At the moment it's how much it will clutter up the house. I've got a TV and I have no idea what any of the wires connect to and if I add to that... urgh. It's psychological. Is the desire to play new games higher than the annoyance at having to deal with all the shit? Right now the annoyance is higher than the desire to play new games so I can't quite crest the hill. So I'm not sure what I'm going to do about the Nintendo, I really want to play Zelda, the Zelda series are my favorite games ever, so I really want to play that. Having said that I didn't play the last Zelda, so maybe I've broken the habit.
What was it about Zelda that you loved?
It's a very immersive world, it's puzzles aren't annoying. I'm not a huge fan of point-and-click adventures because of the lateral thinking involved in the puzzles. I like things to make sense. In Zelda it does – it's puzzles makes a lovely kind of dreamlike sense and it's not too hard, it's not too easy, there's lots of mysteries, surprises, there's many many of those click moments where you can't get through a particular door and then you get a particular tool and you realize "oh my god I can get through the door back at the place!" Those moments are great, and it has that kind of Nintendo charm that's very hard to define.
Were you ever tempted to squeeze more gaming references into The IT Crowd?

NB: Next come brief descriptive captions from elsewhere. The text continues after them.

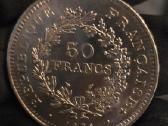 Prancūzija 50 frankų 1978. Unc. Sidabras. - nuotraukos Nr. 5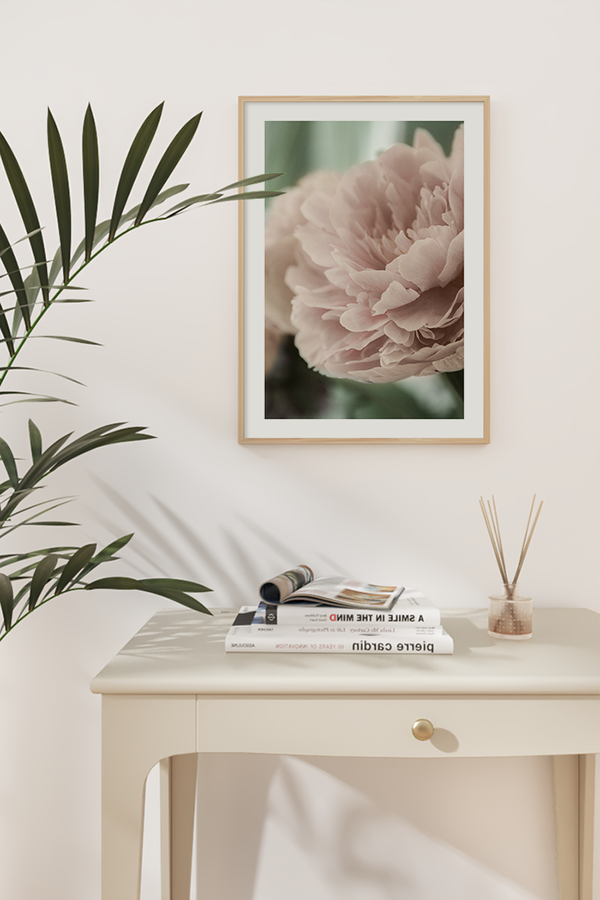 Light Pink Peony Detail Poster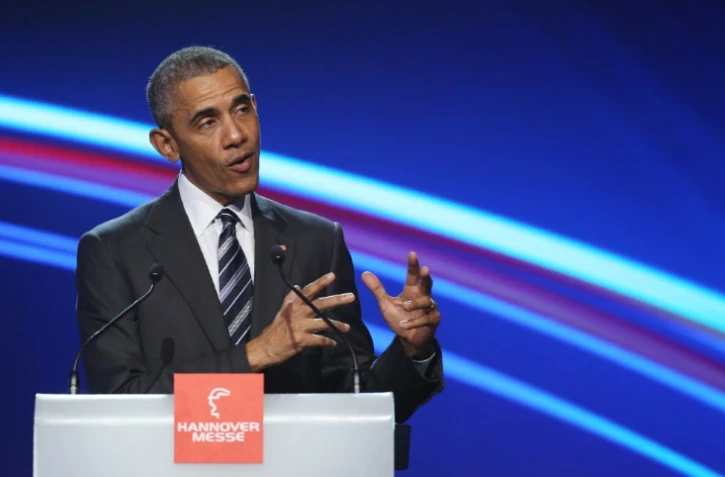 Barack Obama à Hanovre le 24 avril 2016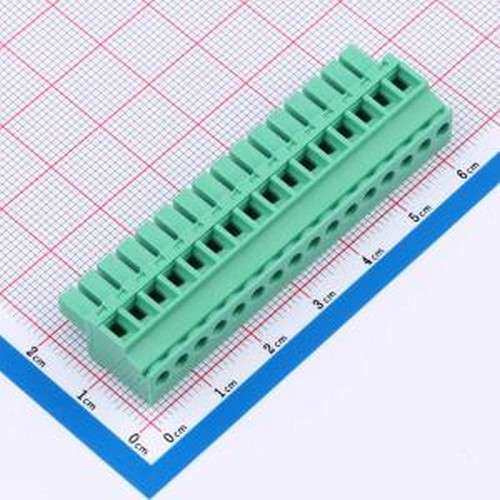 MX15EDGKB-3.81-16P-GN01-Cu-Y-A 螺钉式接线端子 MX15EDGKB-3.81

I sometimes see cartoons or little web films based on games and I always just think that's appealing to a very narrow demographic. It's not like I want to exclude those people, I just don't want to exclude everyone else. When you do comedy I think it's good to have a kind of light hand when you're dealing with certain thing. So when I did the Dungeons And Dragons episode of The IT Crowd, you have to kind of describe what Dungeons And Dragons is. So I really avoided all of that stuff because I worried it would feel exclusionary, but then I realized that Jen represents the non-nerd public. Jen can have it explained to her the way I want to explain it to the audience. So once you have a plan like that it's fine. I have to be careful though, I wouldn't like to do "Zelda's not a man" jokes, or that type of an in-joke.